# How often do you groom?



## EastBayer

Milo is 11.5 weeks and we haven't done the wet warm towel thing yet. The messiest she has gotten so far was yesterday when we hiked a dusty fire road and splashed in some water. She was on a towel in a crate in the car on the way home and by the time she got out, looked as clean as she did before we left so was never cleaned up. Of course she still has that awesome puppy smell but should I do a weekly or every-other-week type of grooming?

Or do you just groom when they get dirty?

Also, what is your grooming set-up in the car after a hike in the outdoors?

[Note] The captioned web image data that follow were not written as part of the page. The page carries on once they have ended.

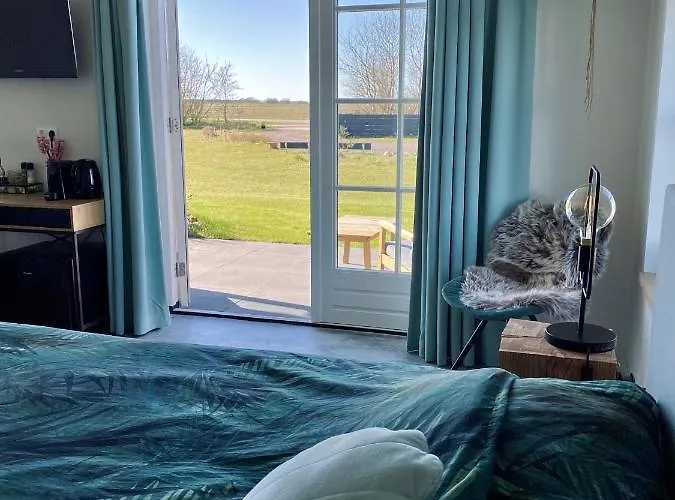 Bed No Breakfast De Kapitein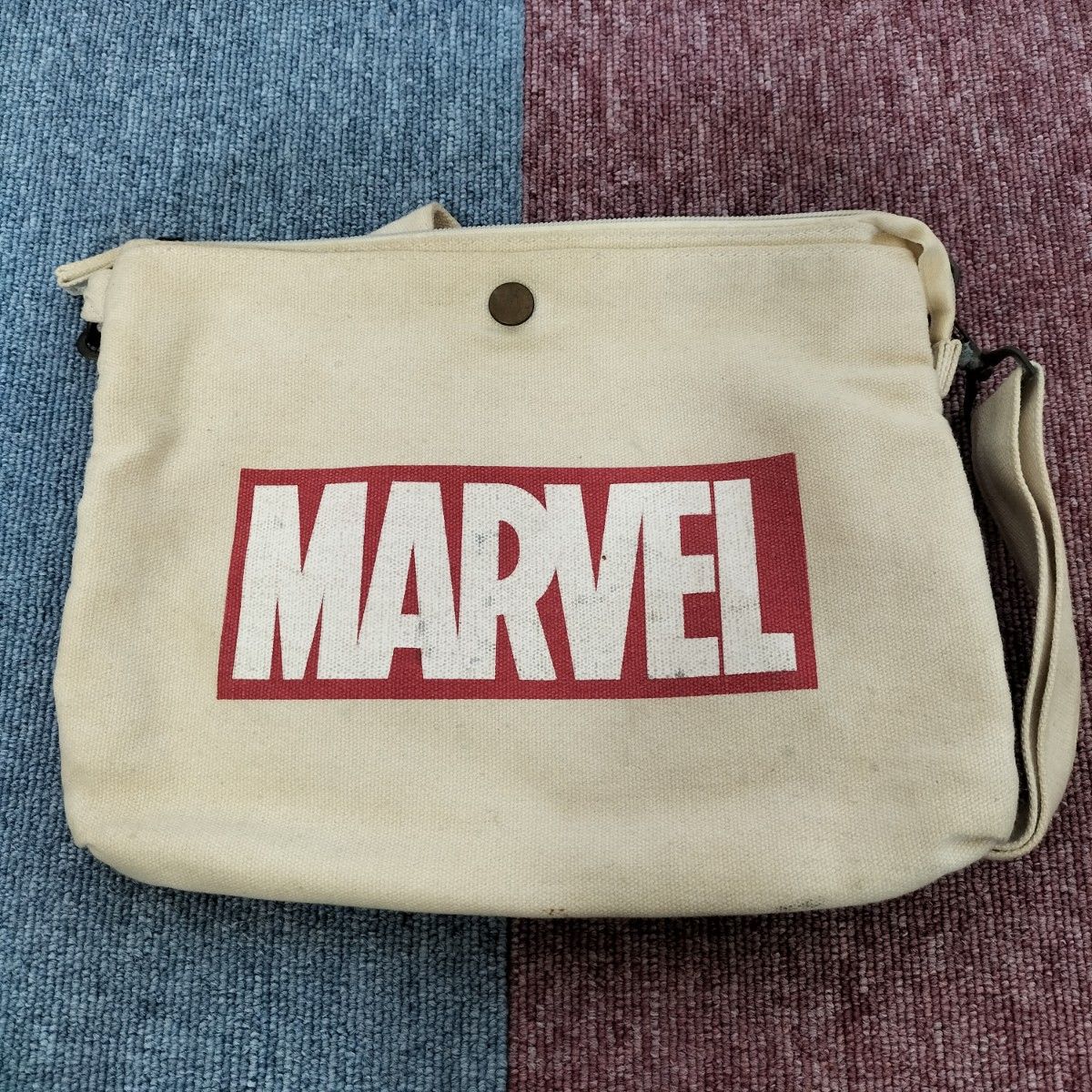 【即購入OK！匿名配送！】MARVEL　サコッシュ　ショルダーバッグ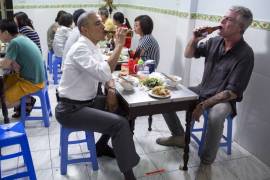 Recuerda Barack Obama lo que Anthony Bourdain le enseñó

We plan to just bring an extra clean towel when we do more hikes for when we take her back in the car. I saw some people say to check for ticks with some sort of gadget before taking them in the car. We do not have a mud room but have a hose by the entry way. I know it's just common sense but wanted to know what you guys do. You wouldn't believe how much advice I've gotten on this forum just from lurking! Hope I can contribute more as time goes by.


----------



## Oquirrh the V

I give Oquirrh a bath maybe every 4 months, if that. I hike with him several times a week. I usually don't wipe him down after a hike. He will occassionally come home dirty, by the next day, he looks/smells clean. If he starts to get a dirty smell, I bathe him. I have no grooming routine. One thing, be careful with hosing your pup down. I did this once to Oquirrh's paws after getting into some really sticky gunk and he is now afraid of the hose.  As for after hikes, he has his own blanket laid on the back seat of my car, I just pull the blanket out when it needs to be washed. When Oq was younger he did get a rash under his legs from lingering dirt. The rash went away quickly after being washed.


----------



## R E McCraith

at the end of a hike or hunting day - tall grass & a V running through it - works every time - if you need to wash the pup - a high quality pup shampoo with no scent - a V needs the essential oils they produce to protect their skin and coat - maybe a bath 3-4 times a year - if you need more than that you are not working the pup


----------



## redbirddog

Only after a skunk attack or a late mud bath during a walk. Otherwise ponds on our walks work just fine. A dog shampoo and rinse takes all of 5 minutes.

Hope to see you on a trail soon. I walk the East Bay hills a lot.

RBD


----------



## threefsh

We rarely bathe Riley. She loves to swim in the creeks/ponds on our hikes so I count that as a "bath". 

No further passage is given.